Maritime Logistics Professional

September 8, 2014

New Containership Rules and Guidance from Lloyd’s Register

Decade long, and ongoing, research program has developed a clearer understanding of the forces imposed on ship structures.
Lloyd’s Register’s updated Containership Rules came into effect in July 2014 and these new rules are supported by Lloyd’s Register ShipRight Procedures covering whipping and springing analysis. Following the ShipRight Procedure will enable the granting of new Lloyd’s Register class notations ShipRight WDA – Whipping design assessment procedure, and ShipRight FDA (SPR) – Springing fatigue design assessment procedure, to enhance the response of ships’ structures that are subject to springing and whipping at sea.

While the basic rules that underpin containership structural strength are well established, as ship sizes increase, new challenges have emerged making continued research into the implications essential.

Modern containerships have very large deck openings, long, fine hull forms, a large bow flare (the projection of the forward deck outwards above the waterline) and operate at fairly high operational speeds (roughly 18 knots or over). They must, of course, meet the structural strength and fatigue requirements imposed by all sea conditions.

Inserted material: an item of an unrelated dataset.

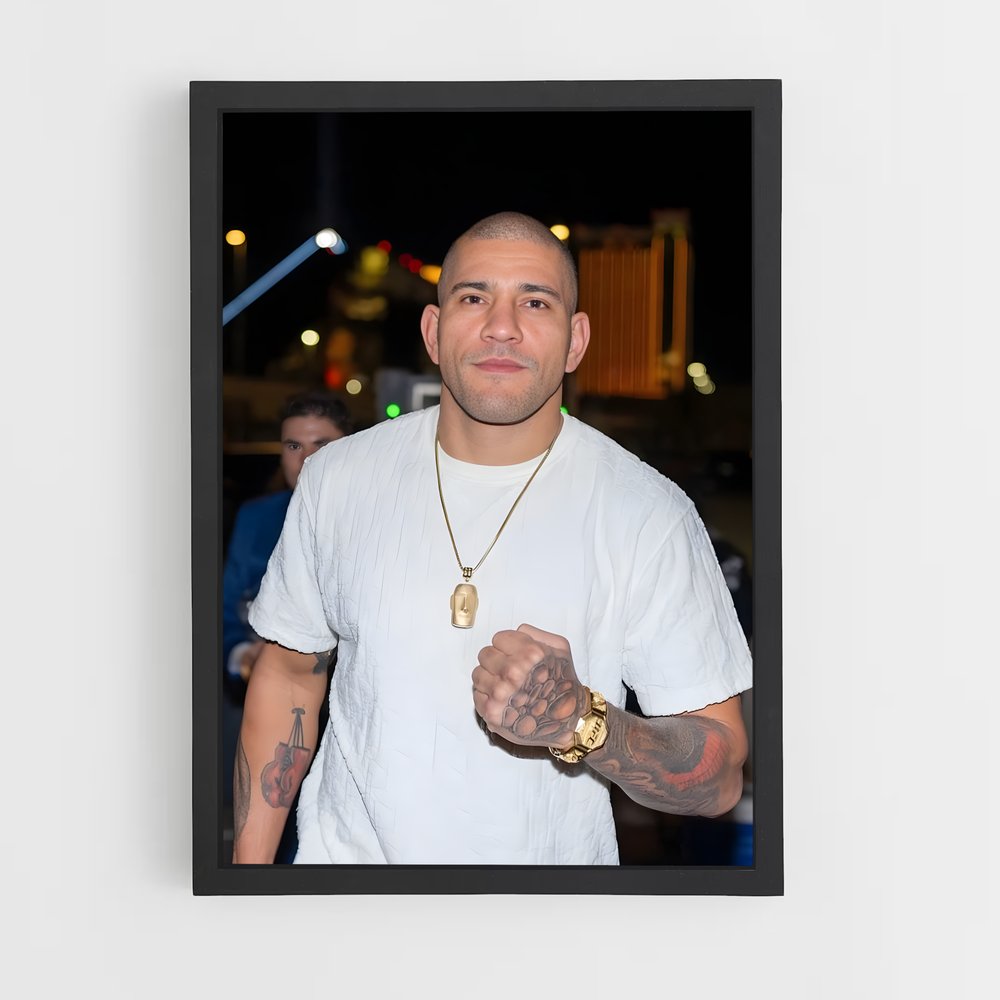 Poster Alex pereira individuelle – affiche MMA (vue 2)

Lloyd’s Register’s research on large containerships has been ongoing over the past decade and includes a full-scale measurement program conducted over five years on a large containership. This research has helped to identify the challenges faced by builders and operators of such ships and ensure that the ships’ structures are properly designed and remain within acceptable limits throughout their operational lives. More generally, Lloyd Register’s research and operational experience has provided the tools to properly and effectively assess the forces involved in large containership operation and thereby provide the appropriate rules and guidance.

New designs approved by LR have progressively benefited from the output of this research and development.

Lloyd’s Register’s Marine Director, Tom Boardley, commented "Ship safety is our main role as a classification society. You can’t have efficient ships unless they are also structurally safe. We have invested heavily in research and we have the depth of expertise in our hydrodynamics and structures teams to address this challenge."

At SMM in Hamburg LR is releasing its Marine Technology Report, The Future of Shipping: Issue 01, New Generations of Large Containerships. This report, available on request, details the background work and science of understanding the forces involved in large containership design and operation.